### INSTRUCTIONS TO FOLLOW
For this exercise, write out the full listing that follows exactly and skip its pictures.

### SOURCE MATERIAL
....
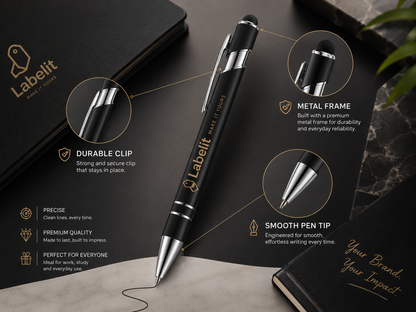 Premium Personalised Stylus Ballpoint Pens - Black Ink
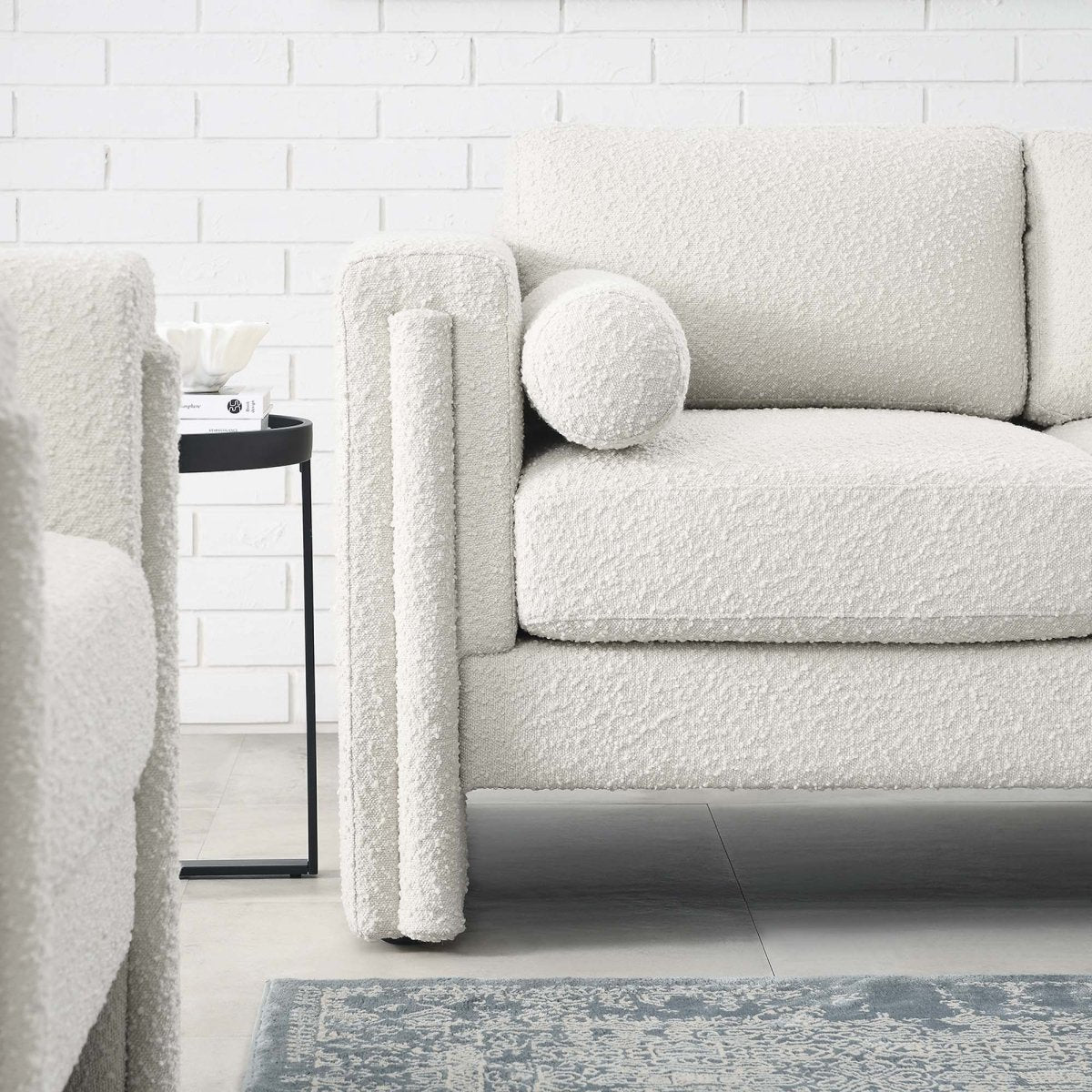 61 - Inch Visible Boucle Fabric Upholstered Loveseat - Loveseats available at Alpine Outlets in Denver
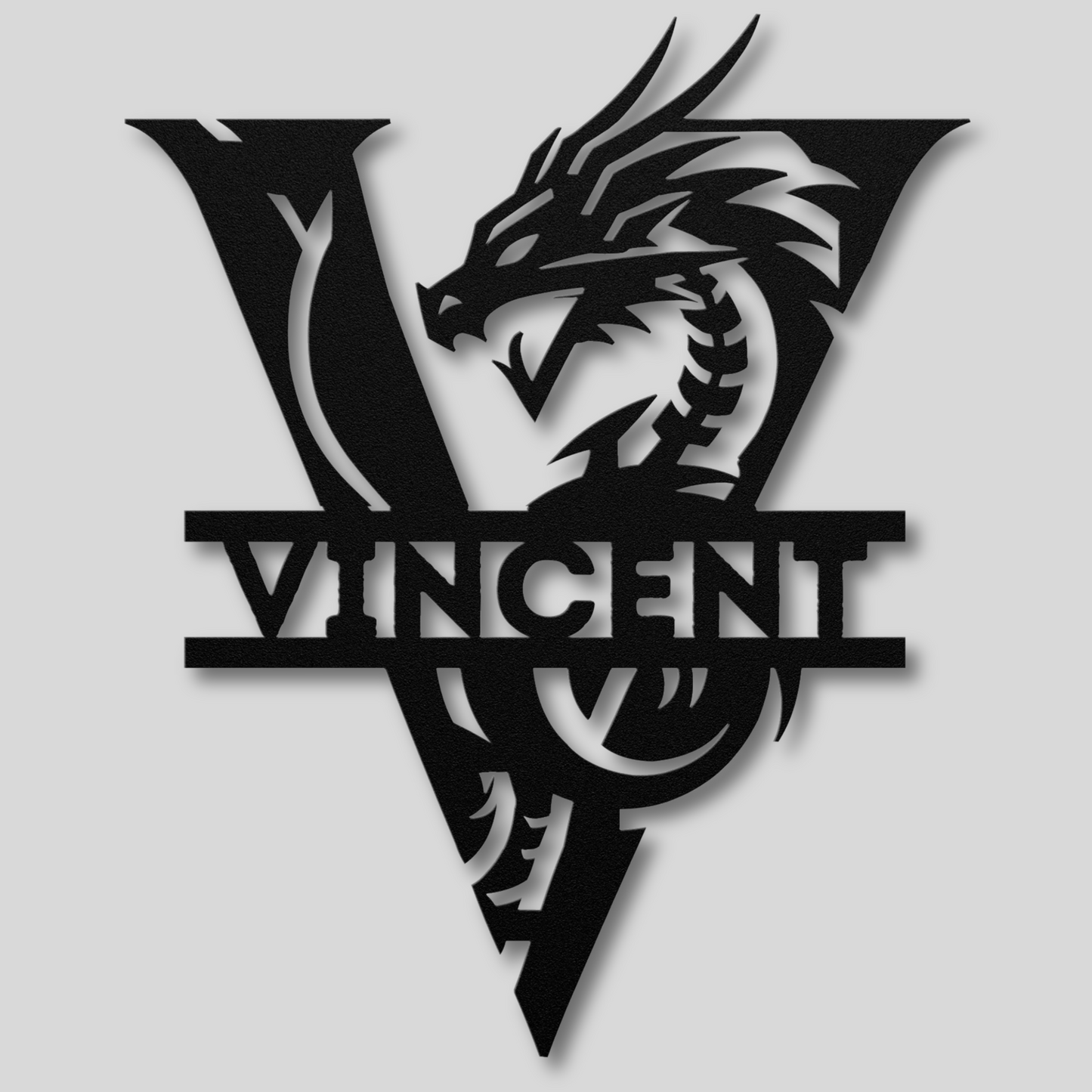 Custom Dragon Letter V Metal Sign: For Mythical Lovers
....
### ANSWER TO THE EXERCISE
 Premium Personalised Stylus Ballpoint Pens - Black Ink
 61 - Inch Visible Boucle Fabric Upholstered Loveseat - Loveseats available at Alpine Outlets in Denver
 Custom Dragon Letter V Metal Sign: For Mythical Lovers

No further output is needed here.